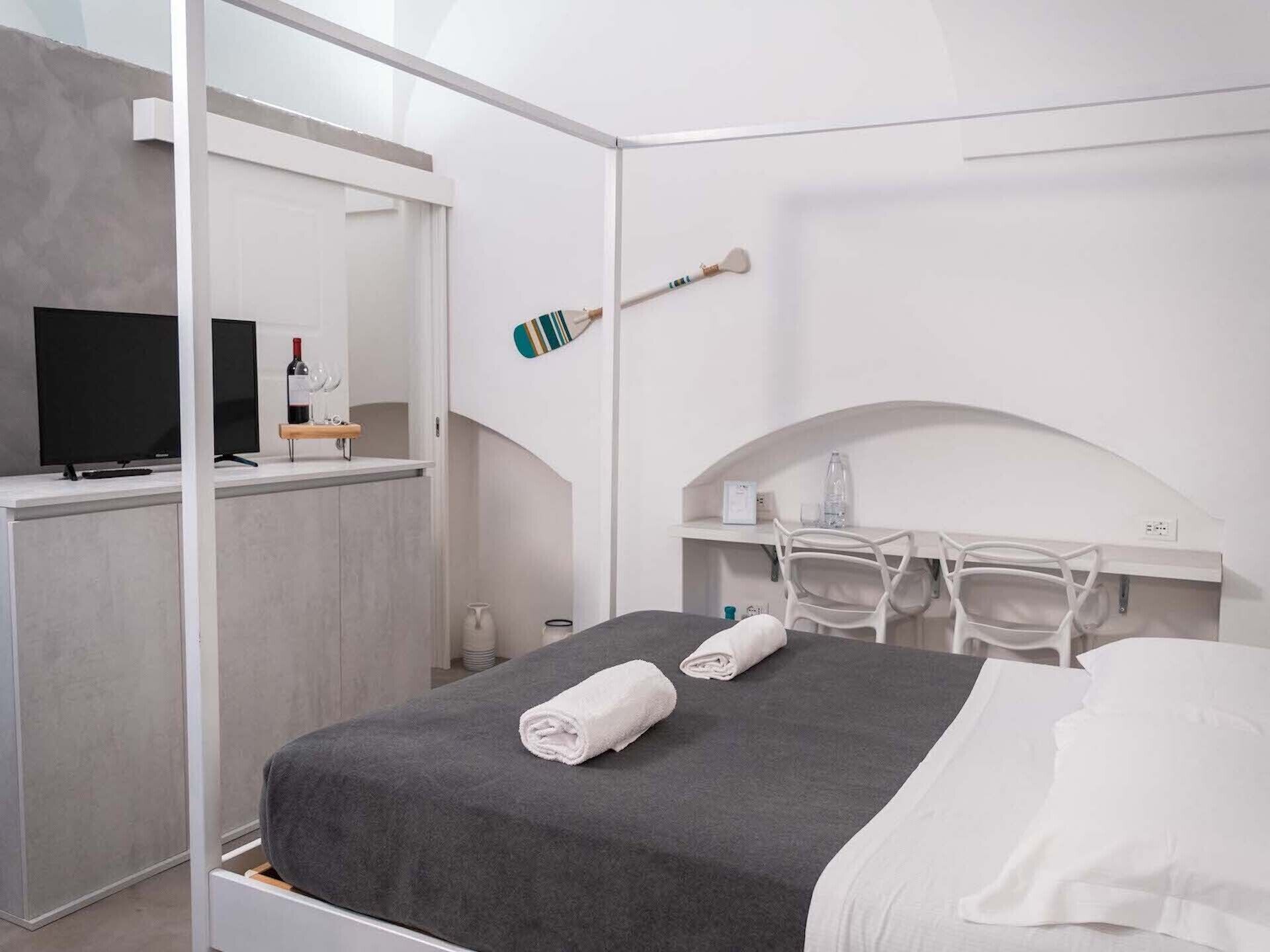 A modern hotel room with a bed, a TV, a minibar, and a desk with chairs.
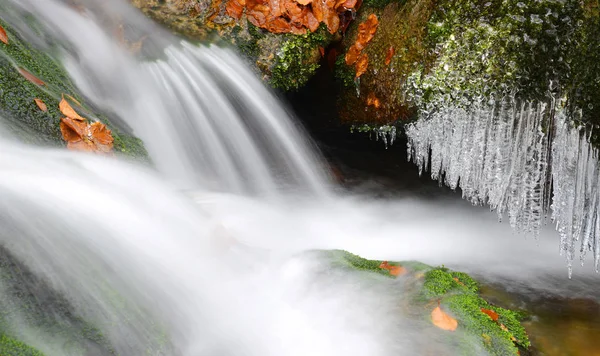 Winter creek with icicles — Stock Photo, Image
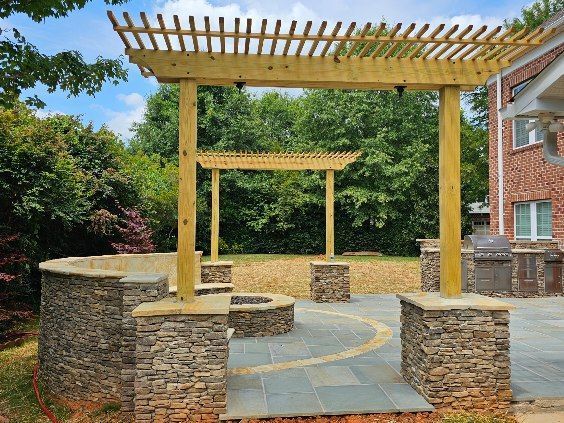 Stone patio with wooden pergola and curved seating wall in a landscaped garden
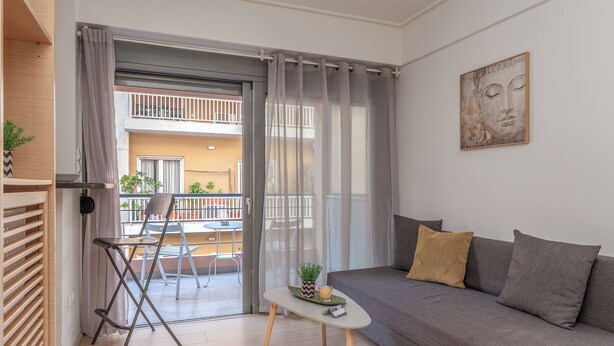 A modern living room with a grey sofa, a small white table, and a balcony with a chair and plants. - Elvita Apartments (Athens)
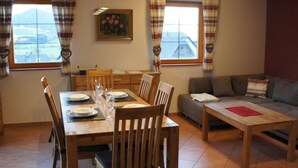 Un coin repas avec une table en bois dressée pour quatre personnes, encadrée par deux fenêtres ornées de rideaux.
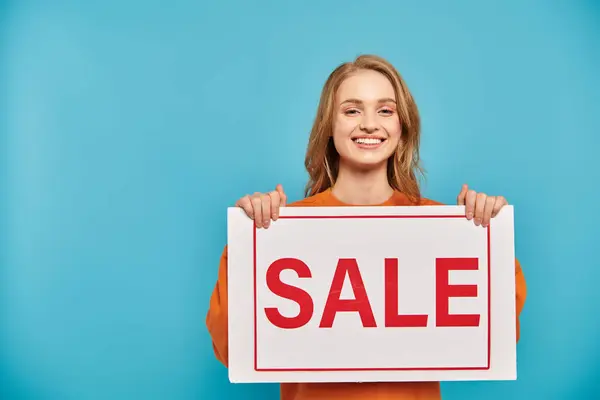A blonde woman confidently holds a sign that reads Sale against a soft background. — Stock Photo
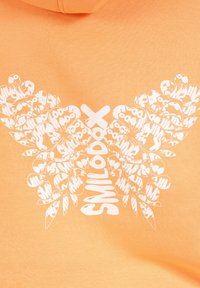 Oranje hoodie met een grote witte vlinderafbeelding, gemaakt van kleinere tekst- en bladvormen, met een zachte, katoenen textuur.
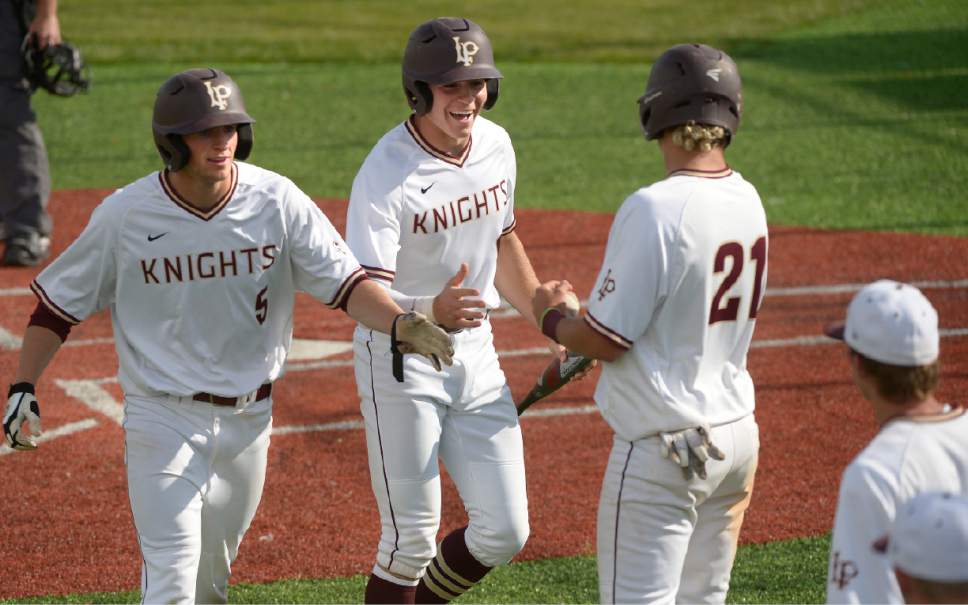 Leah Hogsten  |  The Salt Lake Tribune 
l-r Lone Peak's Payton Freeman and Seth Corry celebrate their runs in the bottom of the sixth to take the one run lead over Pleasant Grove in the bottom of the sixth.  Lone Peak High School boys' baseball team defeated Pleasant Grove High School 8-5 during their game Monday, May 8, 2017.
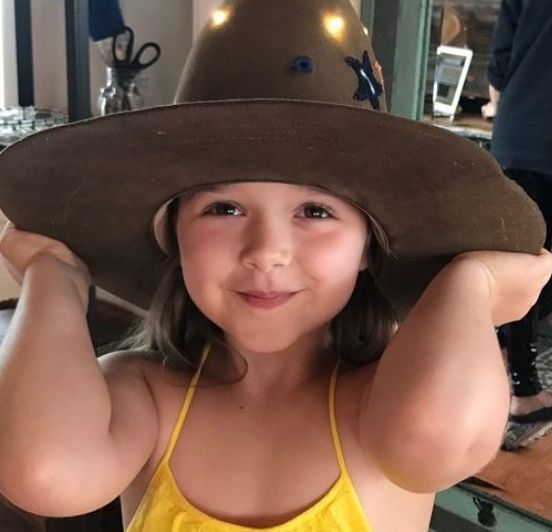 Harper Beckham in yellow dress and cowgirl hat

┄┄┄┄┄┄

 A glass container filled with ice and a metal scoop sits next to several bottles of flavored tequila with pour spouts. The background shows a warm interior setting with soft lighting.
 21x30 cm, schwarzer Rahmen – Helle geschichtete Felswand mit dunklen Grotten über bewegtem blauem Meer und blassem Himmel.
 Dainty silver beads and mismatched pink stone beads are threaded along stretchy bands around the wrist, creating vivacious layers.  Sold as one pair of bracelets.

┄┄┄┄┄┄

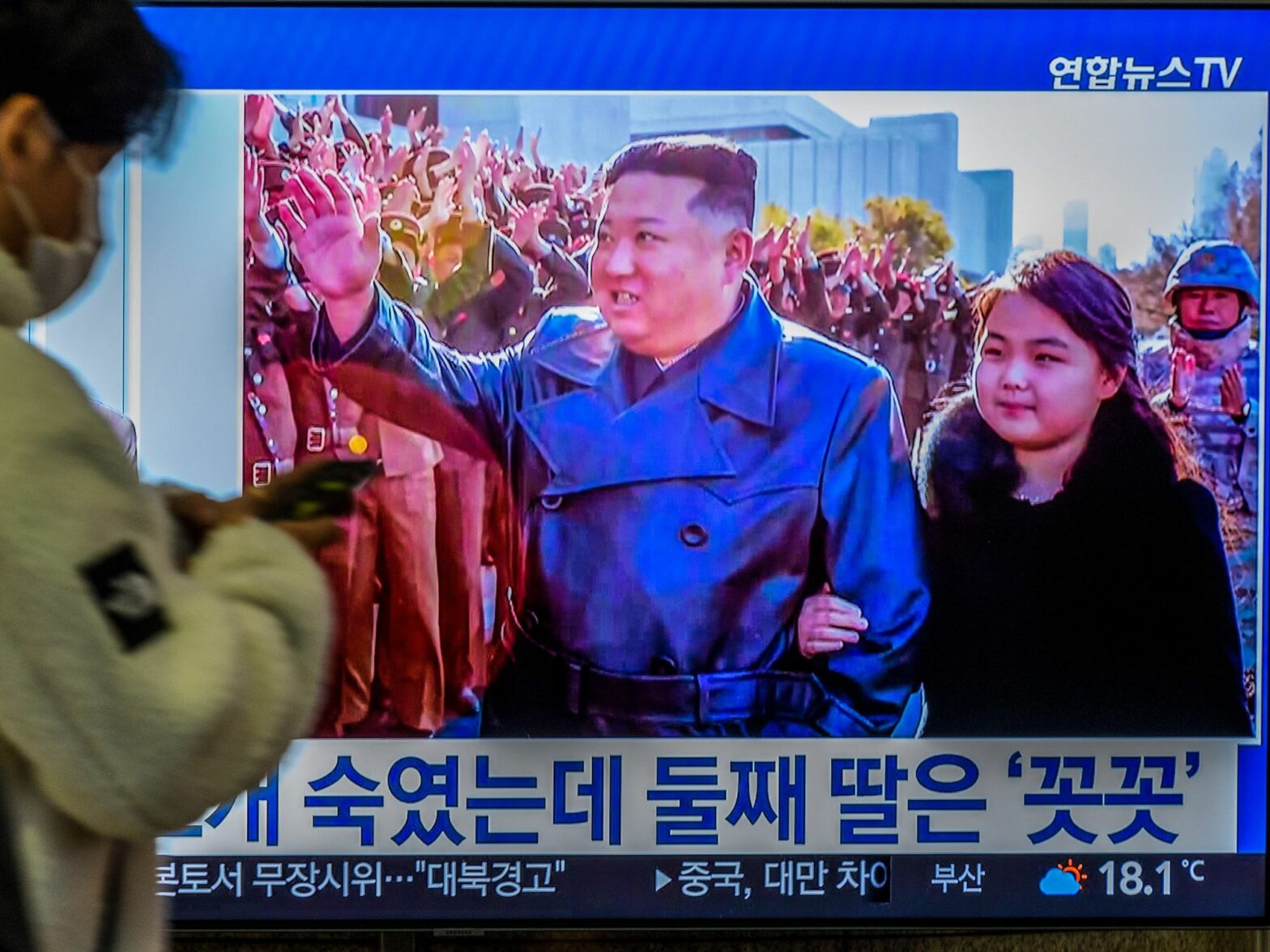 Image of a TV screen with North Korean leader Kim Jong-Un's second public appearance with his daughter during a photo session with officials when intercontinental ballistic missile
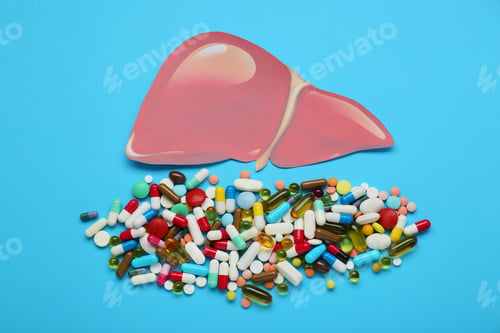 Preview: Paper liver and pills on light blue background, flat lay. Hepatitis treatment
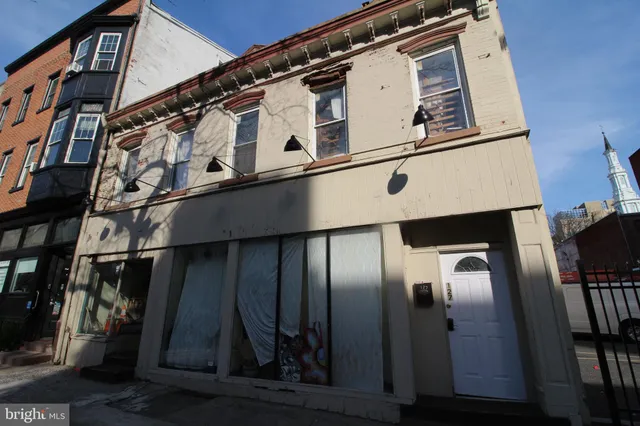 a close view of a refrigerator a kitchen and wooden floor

┄┄┄┄┄┄

Using the records above, return verbatim only the part that opens with the line containing "Oranje hoodie met" and closes with the line containing "Salt Lake Tribune"; pictures stay out.

 Oranje hoodie met een grote witte vlinderafbeelding, gemaakt van kleinere tekst- en bladvormen, met een zachte, katoenen textuur.
 Leah Hogsten  |  The Salt Lake Tribune 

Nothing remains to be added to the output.